We are exchanging \(\mathrm{Ag}^{+}\)and \(\mathrm{K}^{+}\)on a strong acid resin with \(8 \%\) divinylbenzene (DVB). Total resin capacity is \(\mathrm{c}_{\mathrm{RT}}=2.0 \mathrm{eq} / \mathrm{L}\), and ionic concentration of feed solution is \(\mathrm{c}_{\mathrm{T}}=1.20\) eq/L, all of which is \(\mathrm{Ag}^{+}\). Column is initially at a solution concentration of \(\mathrm{c}_{\mathrm{T}}=0.20 \mathrm{eq} / \mathrm{L}\), all of which is \(\mathrm{K}^{+}\).

a. How long does it take for the total ion wave to break through?

b. At what time does \(\mathrm{Ag}^{+}\)shock wave break through?

c.
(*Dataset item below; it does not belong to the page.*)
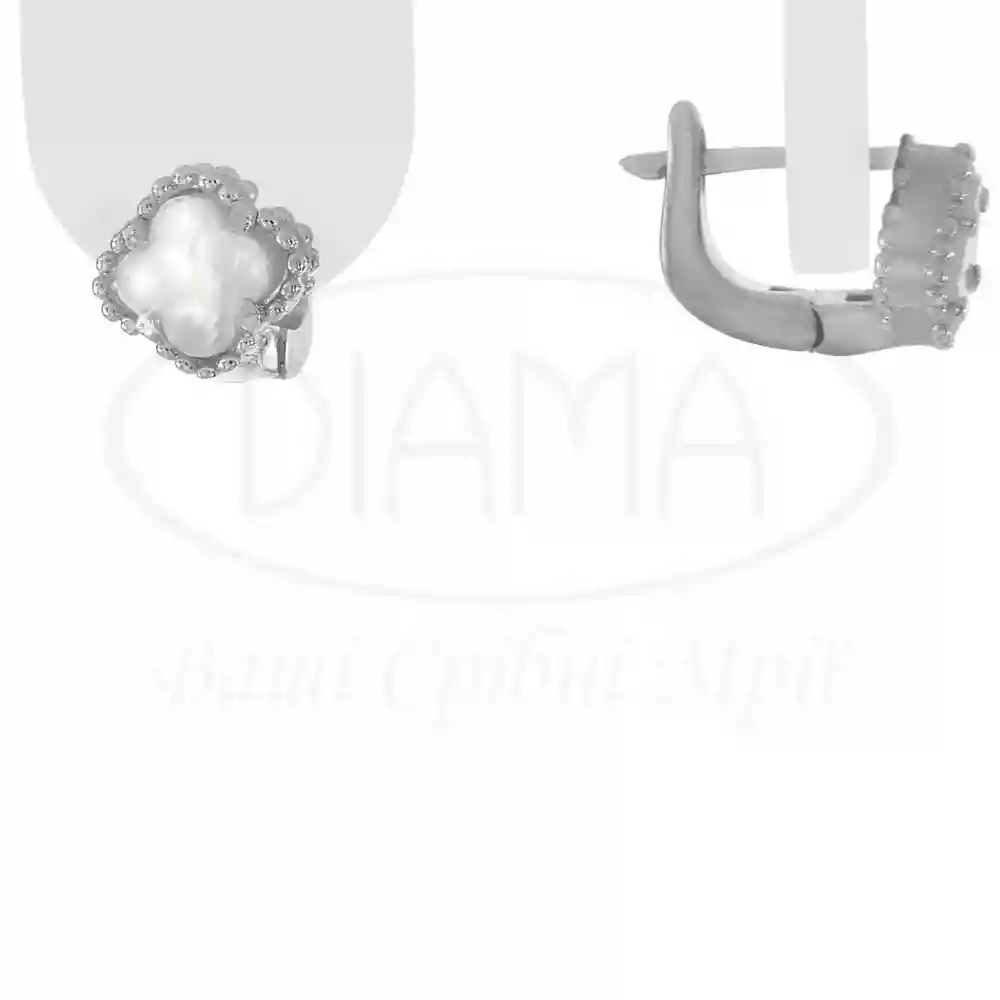 Сережки срібні з Перламутром фото 1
After \(\mathrm{Ag}^{+}\)shock wave breaks through, regenerate column with pure \(\mathrm{K}^{+}\)solution with \(\mathrm{c}_{\mathrm{T}}=1.20 \mathrm{eq} / \mathrm{L}\). Predict shape of ensuing diffuse wave. (Reset \(\mathrm{t}=0\) when start \(\mathrm{K}^{+}\) regeneration solution.)

Data: \(\varepsilon_{\mathrm{e}}=0.40, \varepsilon_{\mathrm{p}}=0.0, \mathrm{~K}_{\mathrm{E}}=1.0, \mathrm{v}_{\text {super }}=3.0 \mathrm{~cm} / \mathrm{min}, \mathrm{L}=50.0 \mathrm{~cm}\).